**Try it**
Give back, word for word, only the lines from the opening of the records through the one with "激光疤痕修复的疗程安排". Pictures stay out.

**Exercise data**
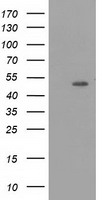 HEK293T cells were transfected with the pCMV6-ENTRY control (Left lane) or pCMV6-ENTRY PACSIN3 (Right lane) cDNA for 48 hrs and lysed. Equivalent amounts of cell lysates (5 ug per lane) were separated by SDS-PAGE and immunoblotted with anti-PACSIN3.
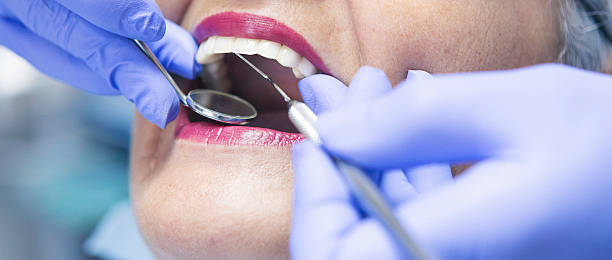 Best Emergency Treatment for Toothache in Perry, OH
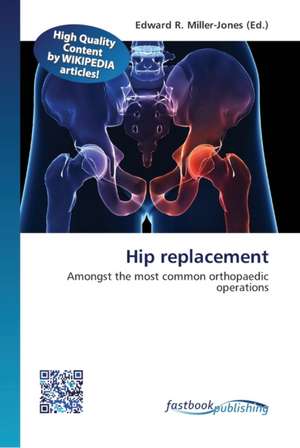 Hip replacement de Edward R Miller-Jones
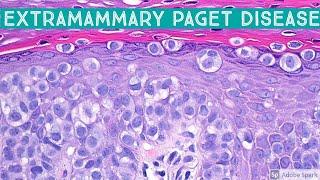 Extramammary Paget disease (presents as chronic "rash" in vulva, scrotum, anus, anogenital area)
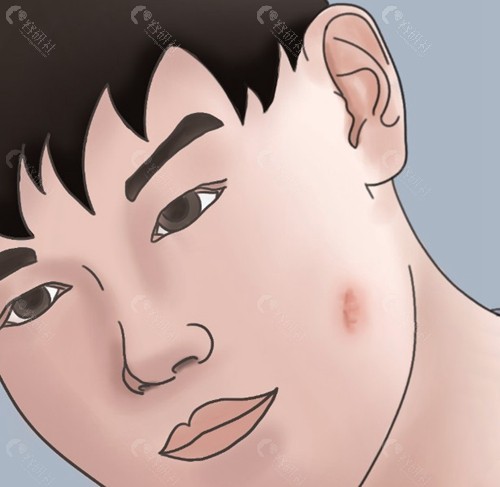  激光疤痕修复的疗程安排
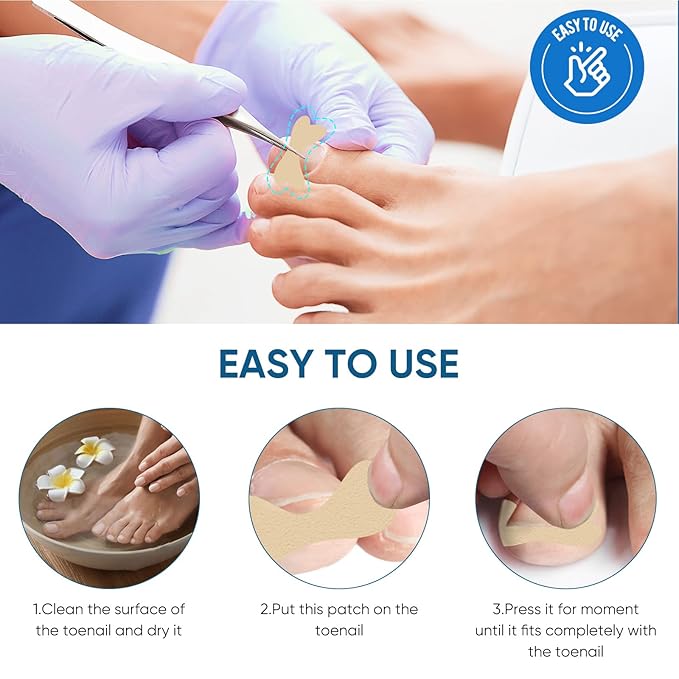Ingrown Toenail Treatment, 60Pcs Ingrown Toenail Corrector Strips, Ingrown Toenail Removal Kit with File and Lifter, 60Pcs-GlimoraGlow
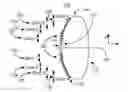 Fig. 01 - Adjusting the apodization pattern for diffractive IOLs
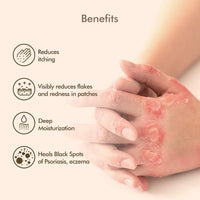 VEDICDERM Oleander Psoriasis Skin Care Oil Natural, Steroid-Free Formula for Dry, Itchy, and Flaky Skin Helps Soothe Irritation, Redness, & Promote Hydration, Suitable for Daily Use (200ml Pack of 1)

**Task response**
 HEK293T cells were transfected with the pCMV6-ENTRY control (Left lane) or pCMV6-ENTRY PACSIN3 (Right lane) cDNA for 48 hrs and lysed. Equivalent amounts of cell lysates (5 ug per lane) were separated by SDS-PAGE and immunoblotted with anti-PACSIN3.
 Best Emergency Treatment for Toothache in Perry, OH
 Hip replacement de Edward R Miller-Jones
 Extramammary Paget disease (presents as chronic "rash" in vulva, scrotum, anus, anogenital area)
  激光疤痕修复的疗程安排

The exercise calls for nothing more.